*** Supplied material

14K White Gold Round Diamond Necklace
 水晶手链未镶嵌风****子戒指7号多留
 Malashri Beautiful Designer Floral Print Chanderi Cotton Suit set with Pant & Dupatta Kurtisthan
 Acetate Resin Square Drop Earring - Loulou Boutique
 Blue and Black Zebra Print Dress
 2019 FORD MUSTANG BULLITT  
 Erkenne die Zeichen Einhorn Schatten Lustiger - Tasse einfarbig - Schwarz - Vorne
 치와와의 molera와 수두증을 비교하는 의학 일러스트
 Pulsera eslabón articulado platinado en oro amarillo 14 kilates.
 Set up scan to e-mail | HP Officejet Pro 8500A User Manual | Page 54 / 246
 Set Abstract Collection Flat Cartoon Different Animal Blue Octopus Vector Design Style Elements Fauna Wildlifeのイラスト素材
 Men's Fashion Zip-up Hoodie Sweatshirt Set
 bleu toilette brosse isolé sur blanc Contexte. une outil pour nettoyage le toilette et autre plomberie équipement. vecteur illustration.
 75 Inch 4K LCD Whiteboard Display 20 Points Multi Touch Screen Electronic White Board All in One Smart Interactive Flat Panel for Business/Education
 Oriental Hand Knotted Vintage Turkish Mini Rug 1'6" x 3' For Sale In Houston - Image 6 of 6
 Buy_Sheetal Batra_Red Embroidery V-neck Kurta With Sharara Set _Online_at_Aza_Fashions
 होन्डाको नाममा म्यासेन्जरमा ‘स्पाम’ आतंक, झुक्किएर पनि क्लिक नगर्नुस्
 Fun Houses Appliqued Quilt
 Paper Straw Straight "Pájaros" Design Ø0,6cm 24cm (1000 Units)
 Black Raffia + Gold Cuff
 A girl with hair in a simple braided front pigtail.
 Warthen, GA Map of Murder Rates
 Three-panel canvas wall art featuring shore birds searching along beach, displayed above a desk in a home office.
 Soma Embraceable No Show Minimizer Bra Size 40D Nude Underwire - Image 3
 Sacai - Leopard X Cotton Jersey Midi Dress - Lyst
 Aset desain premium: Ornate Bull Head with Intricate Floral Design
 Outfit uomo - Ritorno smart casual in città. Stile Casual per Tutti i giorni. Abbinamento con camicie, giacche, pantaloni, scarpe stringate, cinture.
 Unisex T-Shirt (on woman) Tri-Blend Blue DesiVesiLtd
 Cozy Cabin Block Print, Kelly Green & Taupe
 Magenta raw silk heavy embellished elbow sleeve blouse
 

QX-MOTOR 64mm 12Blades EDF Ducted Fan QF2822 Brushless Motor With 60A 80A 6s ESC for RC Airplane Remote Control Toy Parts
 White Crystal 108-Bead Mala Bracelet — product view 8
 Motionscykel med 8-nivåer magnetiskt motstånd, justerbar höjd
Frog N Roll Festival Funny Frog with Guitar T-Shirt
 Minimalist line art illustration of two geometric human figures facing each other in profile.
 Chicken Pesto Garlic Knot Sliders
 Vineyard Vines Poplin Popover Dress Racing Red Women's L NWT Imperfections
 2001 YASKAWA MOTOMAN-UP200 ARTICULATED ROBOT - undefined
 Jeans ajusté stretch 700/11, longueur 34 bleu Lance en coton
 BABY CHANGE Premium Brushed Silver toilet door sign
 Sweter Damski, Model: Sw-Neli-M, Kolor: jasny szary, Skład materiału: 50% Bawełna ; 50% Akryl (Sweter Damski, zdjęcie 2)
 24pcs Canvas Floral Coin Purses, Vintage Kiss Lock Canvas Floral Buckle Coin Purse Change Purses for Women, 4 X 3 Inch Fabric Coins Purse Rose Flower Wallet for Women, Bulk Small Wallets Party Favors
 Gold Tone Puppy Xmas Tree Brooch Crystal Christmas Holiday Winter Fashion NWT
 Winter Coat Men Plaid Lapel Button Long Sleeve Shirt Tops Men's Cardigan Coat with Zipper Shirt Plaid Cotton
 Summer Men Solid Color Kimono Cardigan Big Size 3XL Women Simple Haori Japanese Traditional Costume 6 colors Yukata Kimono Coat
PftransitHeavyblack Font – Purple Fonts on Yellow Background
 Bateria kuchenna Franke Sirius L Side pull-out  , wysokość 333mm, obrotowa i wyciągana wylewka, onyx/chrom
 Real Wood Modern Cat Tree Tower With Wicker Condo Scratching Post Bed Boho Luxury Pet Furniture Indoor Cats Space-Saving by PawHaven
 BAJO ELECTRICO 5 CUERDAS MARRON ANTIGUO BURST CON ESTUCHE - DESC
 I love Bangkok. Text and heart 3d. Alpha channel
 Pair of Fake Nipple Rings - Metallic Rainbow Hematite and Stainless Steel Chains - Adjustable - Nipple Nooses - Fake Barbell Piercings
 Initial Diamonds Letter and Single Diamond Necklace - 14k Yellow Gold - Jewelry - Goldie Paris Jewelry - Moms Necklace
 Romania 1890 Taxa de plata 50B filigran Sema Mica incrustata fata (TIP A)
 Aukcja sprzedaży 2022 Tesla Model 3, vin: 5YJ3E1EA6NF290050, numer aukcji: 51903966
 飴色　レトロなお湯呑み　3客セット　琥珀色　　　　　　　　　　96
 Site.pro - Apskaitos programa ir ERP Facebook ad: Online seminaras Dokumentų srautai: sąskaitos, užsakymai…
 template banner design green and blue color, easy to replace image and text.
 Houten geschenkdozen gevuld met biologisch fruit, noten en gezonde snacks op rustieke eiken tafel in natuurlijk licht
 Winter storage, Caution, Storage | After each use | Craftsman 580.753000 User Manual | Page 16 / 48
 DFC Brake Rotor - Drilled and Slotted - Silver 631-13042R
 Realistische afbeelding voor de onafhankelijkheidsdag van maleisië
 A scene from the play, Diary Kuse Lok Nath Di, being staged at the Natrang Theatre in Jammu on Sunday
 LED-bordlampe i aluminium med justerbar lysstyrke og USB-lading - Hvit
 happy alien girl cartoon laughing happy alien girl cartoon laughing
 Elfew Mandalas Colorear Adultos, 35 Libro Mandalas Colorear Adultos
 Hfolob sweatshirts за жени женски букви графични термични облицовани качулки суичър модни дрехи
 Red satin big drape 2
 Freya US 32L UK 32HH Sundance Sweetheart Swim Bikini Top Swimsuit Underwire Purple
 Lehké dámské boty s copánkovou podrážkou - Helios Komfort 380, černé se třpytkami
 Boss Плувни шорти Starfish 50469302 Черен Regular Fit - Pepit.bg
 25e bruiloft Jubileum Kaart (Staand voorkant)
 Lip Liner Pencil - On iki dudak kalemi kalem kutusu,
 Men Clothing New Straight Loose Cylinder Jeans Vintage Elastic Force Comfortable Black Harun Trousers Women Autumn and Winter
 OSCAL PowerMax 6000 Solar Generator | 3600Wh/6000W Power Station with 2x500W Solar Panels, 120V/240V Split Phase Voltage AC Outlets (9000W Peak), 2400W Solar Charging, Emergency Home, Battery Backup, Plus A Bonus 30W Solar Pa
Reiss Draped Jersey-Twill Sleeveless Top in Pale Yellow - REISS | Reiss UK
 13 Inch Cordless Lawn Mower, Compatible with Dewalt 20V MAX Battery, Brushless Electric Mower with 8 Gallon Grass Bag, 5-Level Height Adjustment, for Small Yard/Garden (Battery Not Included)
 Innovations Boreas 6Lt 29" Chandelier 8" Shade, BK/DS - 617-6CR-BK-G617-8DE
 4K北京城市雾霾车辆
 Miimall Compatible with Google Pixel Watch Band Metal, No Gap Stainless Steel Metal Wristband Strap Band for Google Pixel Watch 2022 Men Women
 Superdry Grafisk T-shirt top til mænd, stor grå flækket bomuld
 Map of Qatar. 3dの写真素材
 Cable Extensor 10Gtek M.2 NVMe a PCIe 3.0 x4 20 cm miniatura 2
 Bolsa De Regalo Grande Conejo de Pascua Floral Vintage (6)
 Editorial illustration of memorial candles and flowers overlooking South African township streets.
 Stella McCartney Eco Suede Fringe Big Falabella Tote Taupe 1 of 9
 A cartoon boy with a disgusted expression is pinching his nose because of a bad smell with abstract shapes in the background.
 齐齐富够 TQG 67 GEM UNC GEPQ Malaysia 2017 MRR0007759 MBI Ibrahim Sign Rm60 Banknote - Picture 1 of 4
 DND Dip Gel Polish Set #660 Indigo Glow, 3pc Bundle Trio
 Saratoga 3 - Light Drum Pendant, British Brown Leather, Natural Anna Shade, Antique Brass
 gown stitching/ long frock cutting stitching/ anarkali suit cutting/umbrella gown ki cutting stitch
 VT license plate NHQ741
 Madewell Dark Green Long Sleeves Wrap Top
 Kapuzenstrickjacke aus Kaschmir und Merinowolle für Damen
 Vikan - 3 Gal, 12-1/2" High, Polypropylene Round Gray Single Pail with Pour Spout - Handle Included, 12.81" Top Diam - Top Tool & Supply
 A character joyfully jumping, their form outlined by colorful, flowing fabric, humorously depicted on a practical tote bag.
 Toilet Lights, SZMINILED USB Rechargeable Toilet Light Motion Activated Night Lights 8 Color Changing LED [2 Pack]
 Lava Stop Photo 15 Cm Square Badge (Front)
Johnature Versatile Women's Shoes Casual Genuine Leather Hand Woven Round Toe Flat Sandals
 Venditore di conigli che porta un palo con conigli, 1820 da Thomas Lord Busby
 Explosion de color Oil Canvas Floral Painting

******

◆ **Assignment**: Give back precisely the lines above that start at the line containing "Houten geschenkdozen gevuld" and end at the line containing "Freya US 32L", inclusive. No other lines belong in the output.

◆ **Output of the exercise**:
 Houten geschenkdozen gevuld met biologisch fruit, noten en gezonde snacks op rustieke eiken tafel in natuurlijk licht
 Winter storage, Caution, Storage | After each use | Craftsman 580.753000 User Manual | Page 16 / 48
 DFC Brake Rotor - Drilled and Slotted - Silver 631-13042R
 Realistische afbeelding voor de onafhankelijkheidsdag van maleisië
 A scene from the play, Diary Kuse Lok Nath Di, being staged at the Natrang Theatre in Jammu on Sunday
 LED-bordlampe i aluminium med justerbar lysstyrke og USB-lading - Hvit
 happy alien girl cartoon laughing happy alien girl cartoon laughing
 Elfew Mandalas Colorear Adultos, 35 Libro Mandalas Colorear Adultos
 Hfolob sweatshirts за жени женски букви графични термични облицовани качулки суичър модни дрехи
 Red satin big drape 2
 Freya US 32L UK 32HH Sundance Sweetheart Swim Bikini Top Swimsuit Underwire Purple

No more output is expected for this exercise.